Overlokçu, sebzeci, hurdacı, kağıtçı, mısırcı... ne ararsanız geliyor. Biri gidiyor öbürü geliyor. Sabahın köründe başlıyorlar, akşamın geç saatlerine kadarçoğu bozuk, parazitli ve sesi sonuna kadar açılmış mikrofonlarıyla halkın sinirlerini bozuyorlar.
Overlokçu ayağımıza kadar gelirken bağırıyor "Overlokçu ayağınıza geldi". Ayşe teyze camdan bağırıyor "Evladım kıs şunun sesini çocuk uyuyor"...
Ahmet bey çilek satan megafonluya bağırıyor "Ulan sabaha kadar çalıştık bi uyutmadınız be, kısın kardeşim sesini. Herkes duyuyor zaten, sağır yok burada"
"Hurdaci geğelldi hurdacieeeyyy!" anonsundan sonra evdeki bütün eşyaları sayana ne demeli? "Eski televizyonlarınız, eski halılarınız, eski buzdolaplarınız, eski fırınlarınız, eski bulaşık makinalarınız, eski çamaşır makinalarınız, eski kazanlarınız alınır" anonsuyla dalga geçen çoçuklar: "Tencereleri unuttu hurdaciiii"
Hurda kağıt alan bir başka alem "Eski defterleriniz, kitaplarınız, gazeteleriniz, ansiklopedileriniz, okul kitaplarınız, ambalaj kağıtlarınız, karton kutularınız kiloyla alınır eyyy!" hurda kağıt alınır dese anlamayacağız sanki.
Balkondan yine bir mahalleli bağırır. "Hastamız var evladım. Buradan geçerken çok bağırma" dinleyen kim?

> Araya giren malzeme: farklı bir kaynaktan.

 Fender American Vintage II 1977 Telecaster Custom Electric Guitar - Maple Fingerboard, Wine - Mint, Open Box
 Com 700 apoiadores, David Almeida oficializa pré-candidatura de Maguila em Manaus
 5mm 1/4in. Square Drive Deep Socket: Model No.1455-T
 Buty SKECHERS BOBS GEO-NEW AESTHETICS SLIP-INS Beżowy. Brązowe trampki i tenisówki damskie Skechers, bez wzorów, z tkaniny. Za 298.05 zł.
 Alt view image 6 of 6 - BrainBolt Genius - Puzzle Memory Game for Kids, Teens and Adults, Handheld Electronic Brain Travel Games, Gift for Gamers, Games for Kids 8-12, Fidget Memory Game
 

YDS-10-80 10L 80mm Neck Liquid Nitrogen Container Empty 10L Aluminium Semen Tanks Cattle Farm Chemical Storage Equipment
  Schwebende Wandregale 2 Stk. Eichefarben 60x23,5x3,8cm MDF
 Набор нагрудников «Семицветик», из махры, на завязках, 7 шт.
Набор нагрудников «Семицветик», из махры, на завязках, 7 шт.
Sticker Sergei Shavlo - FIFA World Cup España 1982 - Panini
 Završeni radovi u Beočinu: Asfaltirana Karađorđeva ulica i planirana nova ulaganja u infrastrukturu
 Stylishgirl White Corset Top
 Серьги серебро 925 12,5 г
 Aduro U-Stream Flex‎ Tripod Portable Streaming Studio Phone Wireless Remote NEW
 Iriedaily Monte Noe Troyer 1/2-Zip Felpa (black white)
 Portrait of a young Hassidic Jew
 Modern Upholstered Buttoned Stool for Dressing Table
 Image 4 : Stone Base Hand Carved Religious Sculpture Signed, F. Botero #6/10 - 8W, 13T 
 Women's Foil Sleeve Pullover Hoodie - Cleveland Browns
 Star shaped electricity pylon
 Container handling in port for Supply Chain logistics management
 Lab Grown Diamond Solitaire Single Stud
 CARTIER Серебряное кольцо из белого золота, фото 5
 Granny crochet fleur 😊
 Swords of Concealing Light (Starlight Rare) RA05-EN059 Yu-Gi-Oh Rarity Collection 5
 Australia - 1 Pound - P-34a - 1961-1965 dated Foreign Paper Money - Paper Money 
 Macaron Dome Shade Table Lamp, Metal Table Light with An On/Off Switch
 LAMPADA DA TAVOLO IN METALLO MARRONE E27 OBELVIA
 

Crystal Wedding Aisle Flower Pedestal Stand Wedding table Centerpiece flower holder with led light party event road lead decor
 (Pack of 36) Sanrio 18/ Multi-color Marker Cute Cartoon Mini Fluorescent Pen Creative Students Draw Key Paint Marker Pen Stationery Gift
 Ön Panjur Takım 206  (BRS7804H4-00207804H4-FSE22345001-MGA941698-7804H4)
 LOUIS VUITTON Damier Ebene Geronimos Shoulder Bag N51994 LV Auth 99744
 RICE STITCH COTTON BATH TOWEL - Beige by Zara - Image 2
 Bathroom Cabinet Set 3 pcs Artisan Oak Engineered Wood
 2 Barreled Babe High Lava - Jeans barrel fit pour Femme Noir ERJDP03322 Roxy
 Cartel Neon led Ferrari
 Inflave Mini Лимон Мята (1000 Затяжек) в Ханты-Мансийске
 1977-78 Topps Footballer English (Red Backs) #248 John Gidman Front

Dinleyen kim'i geçtik. Denetleyen kim? İzin veren kim? İzin yoksa yaptırım uygulayacak olanlar kim? Ve neredeler? 10 dakikada bir satıcının geçtiği, trafik gürültüsüne megafon cızırtılarının eklendiği Gaziantep'te bütün bunlar HALK SAĞLIĞI ile direk ilgili konular değil mi?
Bu işe dur diyecek bir yetkili ve ilgili yok mu? Bunu biz değil her mahalleden binlerce vatandaş soruyor!